Are our programs too small?
The comparison I presented above is not entirely fair; perhaps a more direct comparison would be machine code compared to a movie. One reason a “high” level language can give us the impression of small program size is that pieces can be reused in the form of functions (or other abstraction utilities your language presents). This provides programs with something akin to a dictionary compression algorithm up front while still allowing humans to operate on this compressed form. In addition, a program written in language A gets all of the language A semantics for free without having to write them down every time. Taking the global view of a program + language + compiler provides us with a more direct comparison to a movie. Go read about Komolgorov complexity if you’re interested in this view of incorporating all moving pieces into the analysis of information content.
But what about if our program never gets compiled and is instead interpreted? This is perhaps in a different way a more direct comparison to a movie. A movie is a program which your movie player interprets. An interpreted language again gets to “hide” (reuse) information in the form of implementation details. Again, we should consider the interpreter + language + OS even to ensure we capture all information in our analysis, but a movie will probably come in as the heavyweight in this fight.
When viewed as a program being executed by your movie player, a video is a very predictable program. We can very easily predict what it does in each frame (barring codec details). However, even the smallest of programs can be unpredictable and the only way to determine their behavior is to try running them and hope it finishes. How can it be that we can make less judgments about a smaller ball of information and be very confident about a huge ball of information?
In some ways, this does seem to make sense. A movie is a fully determined program and it takes a lot of information to encode its every move. Whereas the programs we tend to care about haven’t been run with those arguments you just passed it before. It has to do the work of computation to determine what its every move is, like a curried movie.
(Perhaps a large piece which is being left out is the information encoded in the hardware being used to execute a program?)

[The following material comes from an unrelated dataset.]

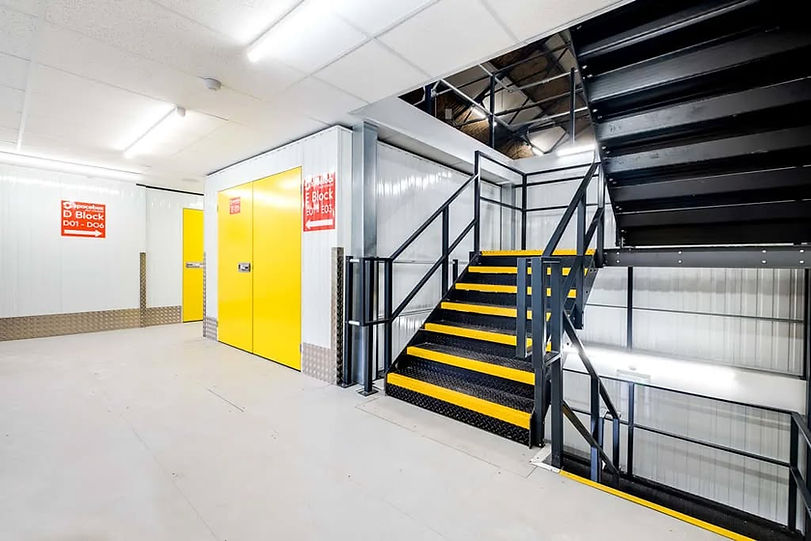 Storage area with yellow and black stairs at Spacebox in Birmingham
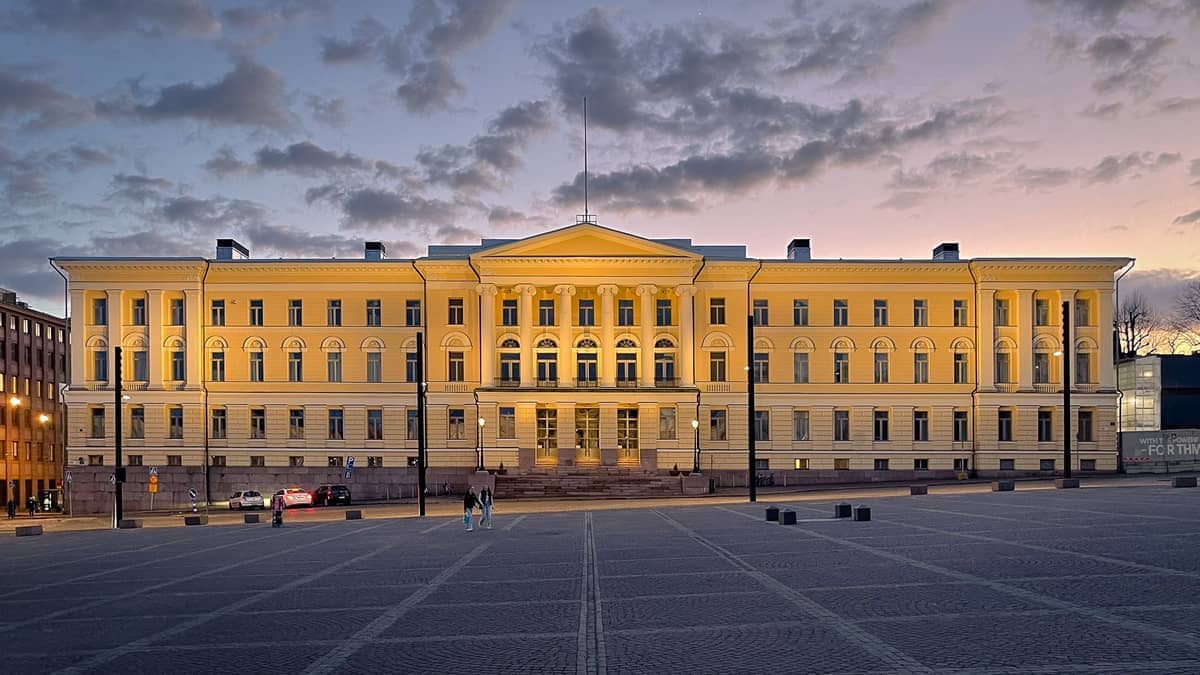 O Edifício Principal da Universidade de Helsínquia iluminado ao entardecer, visto através da vasta extensão vazia da Praça do Senado sob um céu parcialmente nublado.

Should our programs be larger?
This has been on my mind lately while thinking about how we can be more sure of what our programs will do. Types add information to a program’s information content which gives additional guarantees as to how it will behave. Dependent types extend these guarantees to a larger class while also increasing the complexity of the information added (is this trade-off of guarantee vs information linear?). In order to be confident with how our programs behave, how much more information do we need? This question is not really concerned with how much information a programmer might have to add because, for example, type inference adds guarantees whilst providing a means of compressing the information necessary to consume (as a user). Type inference is only the tip of what we may need as humans to be able to neatly view a program which contains far more information than current programs do. I say this with great enthusiasm and not with hesitation and screaming of “but how will I use Emacs to program like that?!?”.
Programs are greatly under-specified today. This is fine when you don’t know or don’t care what it does in the other cases, but we have no smooth way of transitioning programs to higher levels of specificity when we do care. This means we need places to stick more information. Programming languages need places to put more information - lots more! I do not care if that information contributes to human proofs, machine proofs, run-time checks, linters, or whatever, but it needs to be machine consumable (ie. comments don’t count) and it should be first class in the language. The existence of the word “debugging” is an existence proof of the information debt we face as programmers. The lack of information causes us to go chasing after where the problem might be when we should know who (which piece of code, not which coworker) to blame much more readily.
So I say: Bring on the gigabyte sized programs!!!